BEGIN DATA SUPPLIED

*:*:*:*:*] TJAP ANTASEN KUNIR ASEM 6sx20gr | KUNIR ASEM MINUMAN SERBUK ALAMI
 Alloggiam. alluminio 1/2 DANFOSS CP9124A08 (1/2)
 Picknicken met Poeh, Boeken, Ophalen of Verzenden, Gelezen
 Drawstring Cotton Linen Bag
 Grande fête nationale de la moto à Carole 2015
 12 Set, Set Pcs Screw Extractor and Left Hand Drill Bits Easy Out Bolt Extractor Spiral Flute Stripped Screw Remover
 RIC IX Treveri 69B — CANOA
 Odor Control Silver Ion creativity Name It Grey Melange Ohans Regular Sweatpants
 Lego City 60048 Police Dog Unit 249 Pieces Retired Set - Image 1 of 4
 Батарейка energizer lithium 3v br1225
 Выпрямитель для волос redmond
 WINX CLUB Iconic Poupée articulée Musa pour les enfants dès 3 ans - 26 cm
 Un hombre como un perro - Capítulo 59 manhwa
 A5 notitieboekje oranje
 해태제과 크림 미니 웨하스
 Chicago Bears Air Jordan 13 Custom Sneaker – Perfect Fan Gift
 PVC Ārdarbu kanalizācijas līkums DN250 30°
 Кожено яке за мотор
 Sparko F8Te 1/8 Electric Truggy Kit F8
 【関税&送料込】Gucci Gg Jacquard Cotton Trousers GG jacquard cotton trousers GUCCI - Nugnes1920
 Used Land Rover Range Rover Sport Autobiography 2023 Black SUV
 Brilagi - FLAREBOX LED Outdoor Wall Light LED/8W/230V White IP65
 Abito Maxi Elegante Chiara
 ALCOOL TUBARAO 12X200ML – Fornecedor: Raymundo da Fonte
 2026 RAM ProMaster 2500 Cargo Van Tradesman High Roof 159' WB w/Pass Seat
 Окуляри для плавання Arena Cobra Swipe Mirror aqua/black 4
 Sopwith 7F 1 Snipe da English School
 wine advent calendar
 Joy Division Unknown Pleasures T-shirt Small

END DATA SUPPLIED

■ TASK GOAL:
Give an exact reproduction of the lines from the one with "Abito Maxi Elegante Chiara" to the final line of the entries, including both.

■ EXPECTED OUTPUT:
 Abito Maxi Elegante Chiara
 ALCOOL TUBARAO 12X200ML – Fornecedor: Raymundo da Fonte
 2026 RAM ProMaster 2500 Cargo Van Tradesman High Roof 159' WB w/Pass Seat
 Окуляри для плавання Arena Cobra Swipe Mirror aqua/black 4
 Sopwith 7F 1 Snipe da English School
 wine advent calendar
 Joy Division Unknown Pleasures T-shirt Small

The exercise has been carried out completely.